:: SOURCE MATERIAL ::
⁂

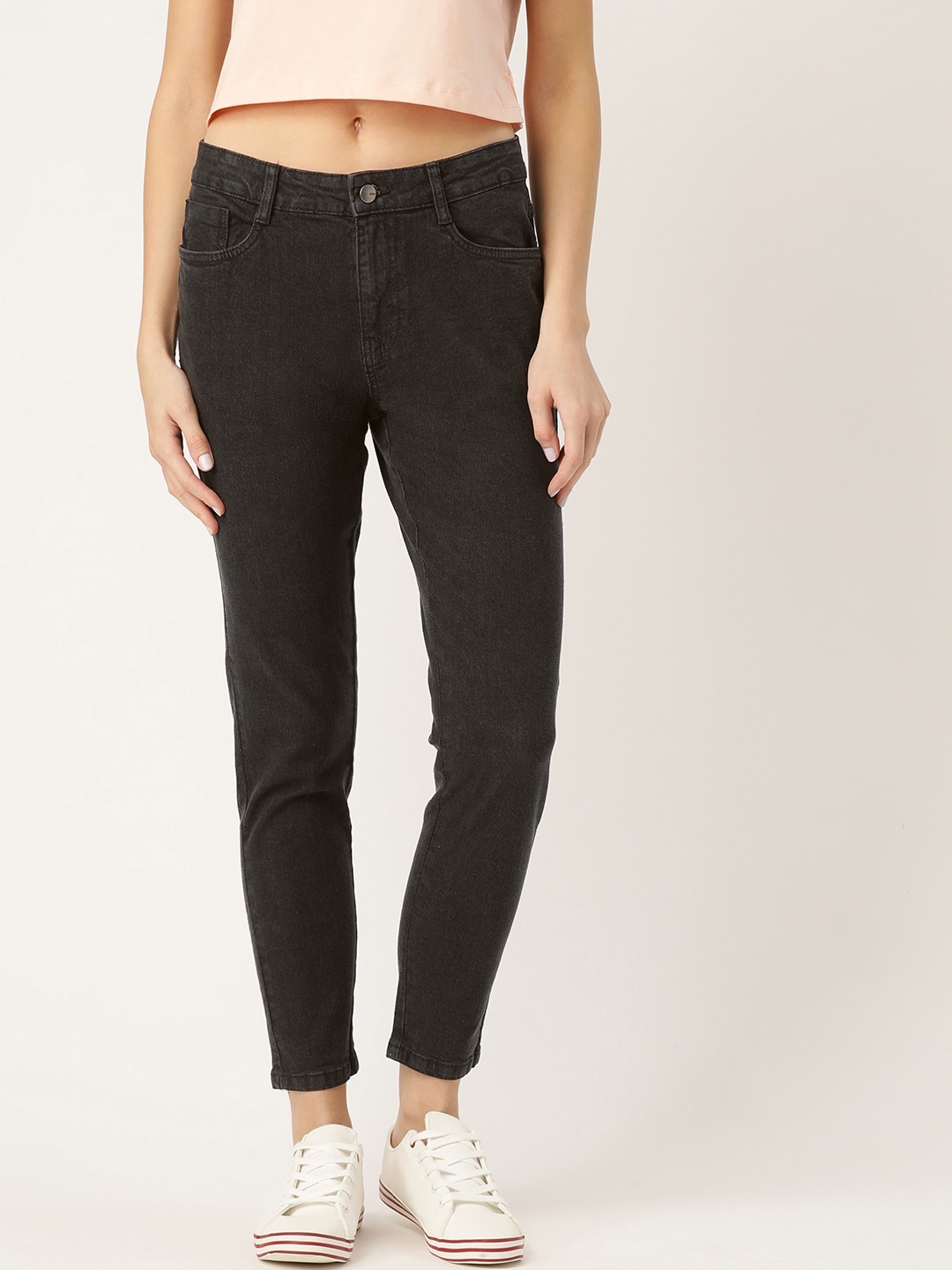 

Mast & Harbour Women Black Skinny Fit Mid-Rise Cropped Clean Look Stretchable Jeans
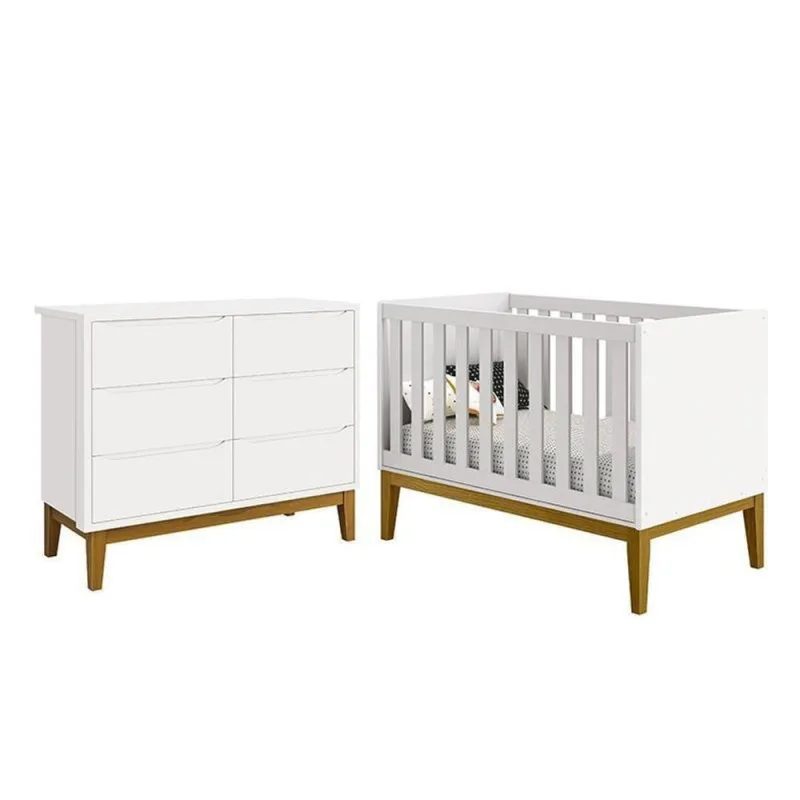 Jogo de Quarto Infantil Cômoda 6 Gavetas e Berço Americano MDF Branco Fosco Reller Móveis - OUTRAS - Agro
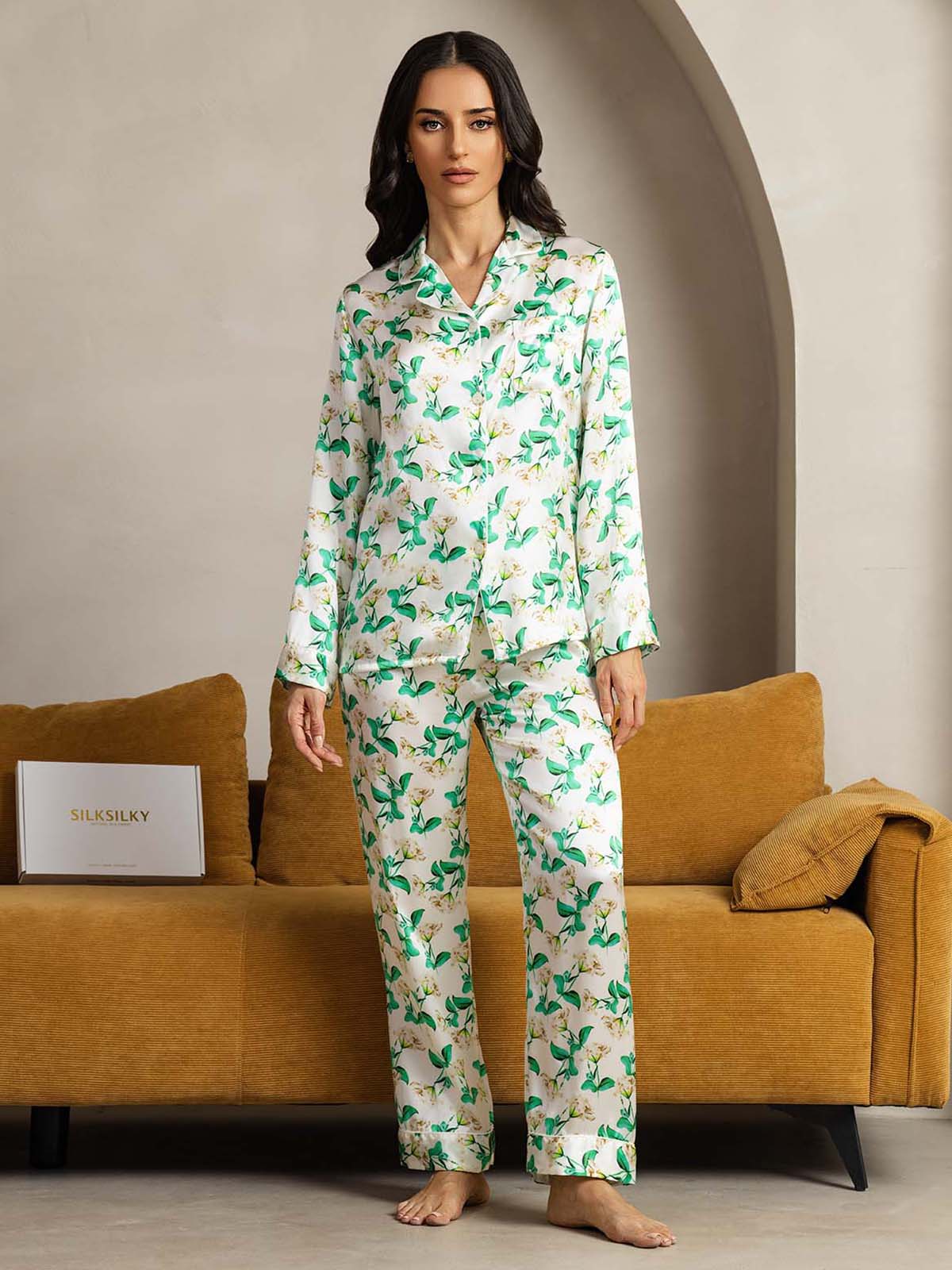 [Grön Blommor] SilkSilky-SE Rent Silke Womens Pajamas 006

⁂

:: EXERCISE DIRECTIONS ::
Every line above has to be output exactly; the pictures must be dropped.

:: WRITTEN SOLUTION ::
Mast & Harbour Women Black Skinny Fit Mid-Rise Cropped Clean Look Stretchable Jeans
 Jogo de Quarto Infantil Cômoda 6 Gavetas e Berço Americano MDF Branco Fosco Reller Móveis - OUTRAS - Agro
 [Grön Blommor] SilkSilky-SE Rent Silke Womens Pajamas 006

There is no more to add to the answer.